If security concepts are new to you, we recommend:
- Start with Section 7.1 - Build foundational knowledge
- Work through code examples in your preferred language
- Use the OWASP Top 10 as supplementary reading
- Practice in a safe environment before production implementation
How to Use This Section¶
For Developers¶
Daily Work:
- Reference specific subsections when implementing features
- Use code examples as templates (adapt to your context)
- Run security checks before submitting pull requests
Weekly:
- Review one subsection in depth
- Discuss security patterns with your team
- Update security-related documentation
Monthly:
- Complete security training modules
- Review recent security vulnerabilities
- Update dependencies and patches
For Security Champions¶
Your Role:
- Guide team members to relevant sections
- Review security implementations against guidelines
- Advocate for security best practices
- Coordinate security training sessions
Key Responsibilities:
- Maintain team security knowledge
- Escalate security concerns appropriately
- Contribute to guidebook improvements
- Monitor industry security trends
For Compliance Teams¶
Audit Preparation:
- Use Section 7.3 checklists for readiness assessment
- Verify implementation against requirements
- Document compliance evidence
- Coordinate with development teams
Ongoing Compliance:
- Schedule regular compliance reviews
- Track regulatory changes
- Update policies and procedures
- Train teams on compliance requirements
Getting Help¶
Internal Resources¶
| Need | Resource | Contact |
|---|---|---|
| Security Vulnerability | Security Team | Caleb (Lead) |
| Compliance Question | Legal/Compliance | Martin |
| Architecture Guidance | Tech Lead | Project Team Lead |
| Implementation Help | Senior Developers | Team Slack Channel |
External Resources¶
- OWASP: Comprehensive security resources and guidelines
- NIST: Standards and frameworks for cybersecurity
- CWE: Common Weakness Enumeration for vulnerabilities
- CVE: Common Vulnerabilities and Exposures database
Section Roadmap¶
Currently Available¶
- 7.1 Secure Coding Practices (Complete)
- 7.2 Authentication and Authorization (Complete)
- 7.3 Compliance and Regulatory Requirements (Complete)
Future Enhancements¶
- Interactive security challenges and exercises
- Video walkthroughs of complex implementations
- Tool recommendations and setup guides
- Real-world case studies and incident analyses
Critical Security Note
Security is an ongoing process, not a one-time implementation. Regular reviews, updates, and security testing are essential to maintaining a secure application.

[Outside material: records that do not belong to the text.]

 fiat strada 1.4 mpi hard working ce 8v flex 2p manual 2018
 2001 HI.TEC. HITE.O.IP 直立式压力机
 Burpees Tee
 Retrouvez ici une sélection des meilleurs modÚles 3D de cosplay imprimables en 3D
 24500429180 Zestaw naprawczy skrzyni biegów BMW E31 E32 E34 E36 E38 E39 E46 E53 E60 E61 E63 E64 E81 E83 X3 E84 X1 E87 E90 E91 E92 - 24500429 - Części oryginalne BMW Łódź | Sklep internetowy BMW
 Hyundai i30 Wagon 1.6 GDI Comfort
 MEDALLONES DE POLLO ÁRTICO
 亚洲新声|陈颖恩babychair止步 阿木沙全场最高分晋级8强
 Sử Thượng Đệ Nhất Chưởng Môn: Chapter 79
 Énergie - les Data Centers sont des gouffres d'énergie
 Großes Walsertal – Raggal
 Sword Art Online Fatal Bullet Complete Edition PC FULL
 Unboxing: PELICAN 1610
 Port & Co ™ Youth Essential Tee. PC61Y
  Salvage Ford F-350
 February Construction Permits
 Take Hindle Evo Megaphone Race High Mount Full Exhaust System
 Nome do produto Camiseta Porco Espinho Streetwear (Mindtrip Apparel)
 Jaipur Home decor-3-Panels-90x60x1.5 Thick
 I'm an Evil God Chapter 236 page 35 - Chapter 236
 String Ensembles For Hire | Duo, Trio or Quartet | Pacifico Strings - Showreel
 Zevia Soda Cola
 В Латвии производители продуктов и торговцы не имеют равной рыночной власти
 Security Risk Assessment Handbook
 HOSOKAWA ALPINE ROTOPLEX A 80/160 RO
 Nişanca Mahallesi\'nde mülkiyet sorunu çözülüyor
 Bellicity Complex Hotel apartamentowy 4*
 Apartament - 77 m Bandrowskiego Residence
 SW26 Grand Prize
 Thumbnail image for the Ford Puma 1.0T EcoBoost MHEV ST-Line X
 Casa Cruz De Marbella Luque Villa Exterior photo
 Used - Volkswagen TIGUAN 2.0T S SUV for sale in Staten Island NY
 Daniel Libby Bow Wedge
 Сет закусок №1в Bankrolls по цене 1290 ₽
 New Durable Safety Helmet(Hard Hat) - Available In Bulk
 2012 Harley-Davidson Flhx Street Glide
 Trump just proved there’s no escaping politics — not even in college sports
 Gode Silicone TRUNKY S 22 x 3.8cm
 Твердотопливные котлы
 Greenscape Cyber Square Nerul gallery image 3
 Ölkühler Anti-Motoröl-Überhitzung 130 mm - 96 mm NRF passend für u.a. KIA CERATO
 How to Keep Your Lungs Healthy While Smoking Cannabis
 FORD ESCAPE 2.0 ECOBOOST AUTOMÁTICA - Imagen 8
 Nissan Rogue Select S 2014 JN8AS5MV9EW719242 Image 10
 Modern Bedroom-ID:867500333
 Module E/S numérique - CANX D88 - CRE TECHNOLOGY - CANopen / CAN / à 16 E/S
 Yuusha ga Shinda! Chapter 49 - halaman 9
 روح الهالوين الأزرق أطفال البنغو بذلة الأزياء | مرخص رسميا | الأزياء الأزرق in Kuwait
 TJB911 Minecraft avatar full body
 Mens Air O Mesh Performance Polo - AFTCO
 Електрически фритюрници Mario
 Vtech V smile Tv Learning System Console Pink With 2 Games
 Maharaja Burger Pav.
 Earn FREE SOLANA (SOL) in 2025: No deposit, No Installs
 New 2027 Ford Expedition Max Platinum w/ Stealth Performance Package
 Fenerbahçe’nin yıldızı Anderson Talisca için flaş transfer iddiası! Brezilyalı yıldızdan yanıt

Before Production Deployment
Always ensure:
- Security code review completed
- Vulnerability scanning passed
- Authentication/authorization tested
- Compliance requirements met
- Incident response plan in place
- Monitoring and alerting configured
This section represents our current security standards and best practices. It is reviewed quarterly and updated based on emerging threats, regulatory changes, and team feedback.